Mais, comme le veut une tradition solidement établie depuis les Egyptiens jusqu’aux NDE à la mode, on ne passe pas comme ça dans le royaume des morts, et Lucullus est jugé par un tribunal de défunts. L’ennui pour lui, c’est que les valeurs morales en vigueur dans ce tribunal n’ont guère de rapport avec la valorisation des qualités militaires et impérialistes si considérables dans la Rome républicaine. Seule alternative possible : entrer dans le royaume des morts, ou être destiné au néant.

Le moraliste Brecht transmet aux spectateurs son point de vue par l’intermédiaire des juges d’outre-tombe : la gloire militaire de Lucullus ne vaut rien ; l’idéologie militariste et impérialiste ne conduit qu’à massacrer de pauvres gens, aussi bien parmi les populations soumises, que parmi les soldats romains, arrachés sans façon à leur famille et à d’autres tâches utiles pour aller se faire tuer au combat ; l’or conquis ne sert à rien dans l’au-delà ; les esclaves obtenus par la conquête, dont la condition misérable est si proche de celle des défunts, sont accueillis avec sympathie dans l’au-delà. Le seul point positif que les juges trouvent aux actes de Lucullus est d’avoir ramené à Rome un cerisier qui produit un fruit succulent, mais que valent les plaisirs gastronomiques dans l’au-delà ?

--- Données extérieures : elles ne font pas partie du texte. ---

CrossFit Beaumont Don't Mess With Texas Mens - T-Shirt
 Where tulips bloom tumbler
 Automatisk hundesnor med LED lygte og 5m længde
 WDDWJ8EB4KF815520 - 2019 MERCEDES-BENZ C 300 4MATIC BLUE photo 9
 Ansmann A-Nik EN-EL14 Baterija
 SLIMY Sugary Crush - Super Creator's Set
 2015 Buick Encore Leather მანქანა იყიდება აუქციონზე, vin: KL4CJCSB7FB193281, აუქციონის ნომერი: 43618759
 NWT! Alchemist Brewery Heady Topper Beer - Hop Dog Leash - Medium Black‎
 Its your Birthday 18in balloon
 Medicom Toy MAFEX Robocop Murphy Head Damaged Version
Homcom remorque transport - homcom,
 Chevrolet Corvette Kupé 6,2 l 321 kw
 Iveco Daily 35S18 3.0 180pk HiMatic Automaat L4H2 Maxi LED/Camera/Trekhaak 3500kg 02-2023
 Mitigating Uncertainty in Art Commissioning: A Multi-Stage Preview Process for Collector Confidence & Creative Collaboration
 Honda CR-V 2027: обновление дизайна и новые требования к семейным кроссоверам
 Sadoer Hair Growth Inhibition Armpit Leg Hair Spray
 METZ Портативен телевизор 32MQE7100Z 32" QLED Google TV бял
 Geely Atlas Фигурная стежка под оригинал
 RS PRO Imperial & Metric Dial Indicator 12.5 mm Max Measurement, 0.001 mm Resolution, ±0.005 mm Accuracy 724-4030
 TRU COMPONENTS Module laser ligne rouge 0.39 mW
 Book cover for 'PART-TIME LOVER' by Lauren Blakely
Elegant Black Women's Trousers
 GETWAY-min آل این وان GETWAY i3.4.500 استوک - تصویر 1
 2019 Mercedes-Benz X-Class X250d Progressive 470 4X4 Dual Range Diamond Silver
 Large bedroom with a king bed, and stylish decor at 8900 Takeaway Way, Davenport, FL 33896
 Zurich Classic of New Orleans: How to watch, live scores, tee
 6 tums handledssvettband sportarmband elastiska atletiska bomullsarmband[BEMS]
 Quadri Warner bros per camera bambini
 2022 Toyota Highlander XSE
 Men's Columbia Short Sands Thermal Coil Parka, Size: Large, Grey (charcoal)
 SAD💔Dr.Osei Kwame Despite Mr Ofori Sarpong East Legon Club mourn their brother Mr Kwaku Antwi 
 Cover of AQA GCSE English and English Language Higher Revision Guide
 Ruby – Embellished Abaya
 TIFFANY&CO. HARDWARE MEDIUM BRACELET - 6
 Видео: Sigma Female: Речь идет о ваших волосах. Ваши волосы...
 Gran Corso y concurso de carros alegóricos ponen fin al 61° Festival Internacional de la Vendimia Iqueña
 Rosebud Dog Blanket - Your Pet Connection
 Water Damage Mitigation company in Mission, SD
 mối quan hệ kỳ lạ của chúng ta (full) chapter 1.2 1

Comme prévisible, Brecht met en scène de manière ostensible des héros « positifs », de simples gens du peuple (paysan, maître d’école, boulanger, marchande de poisson, courtisane...) qui ont tous de bonnes raisons de pointer en quoi le comportement de Lucullus est négatif et a causé de souffrances. Jusqu’aux esclaves raflés dans les rangs de l’ennemi, et dont le travail gratuit ruine le cordonnier local : Brecht n’oublie pas les règles du capitalisme libéral, même dans l’au-delà !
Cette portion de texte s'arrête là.